When you write out the listing below, keep each word exactly as it stands and drop the pictures.

Exercise data.
____

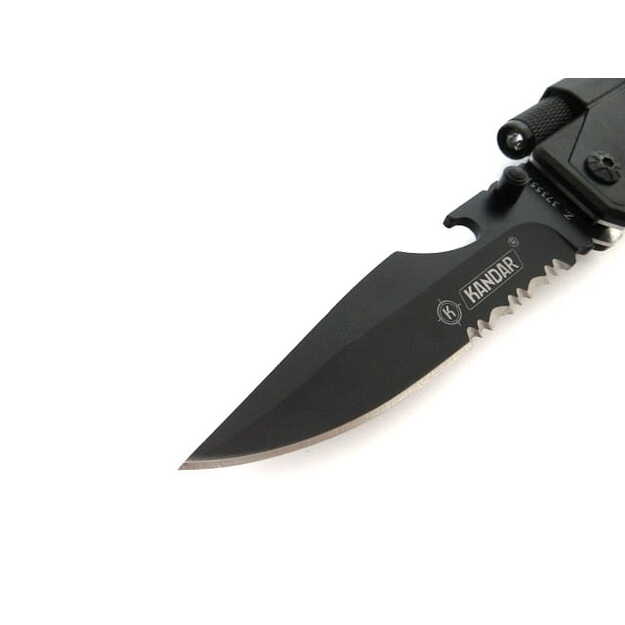 Gelbėjimo peilis su žibintuvėliu KANDAR 3IN1 N-061L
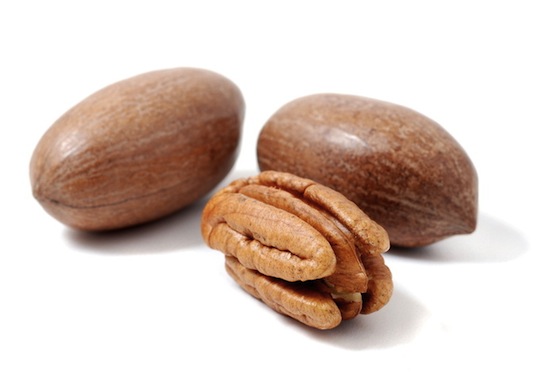 Le noci pecan.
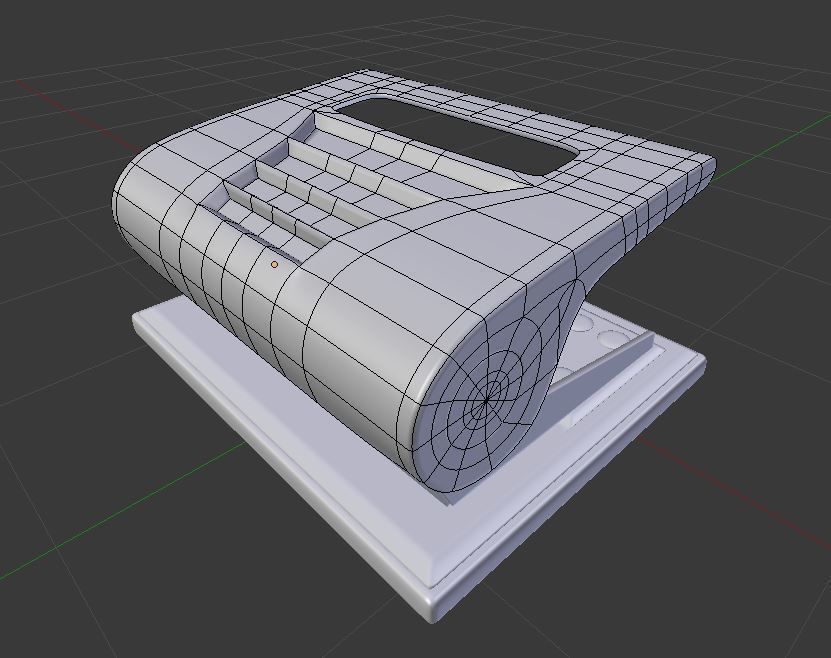 Hole Punch High Poly Version 3D model_10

____

Written solution.
 Gelbėjimo peilis su žibintuvėliu KANDAR 3IN1 N-061L
 Le noci pecan.
 Hole Punch High Poly Version 3D model_10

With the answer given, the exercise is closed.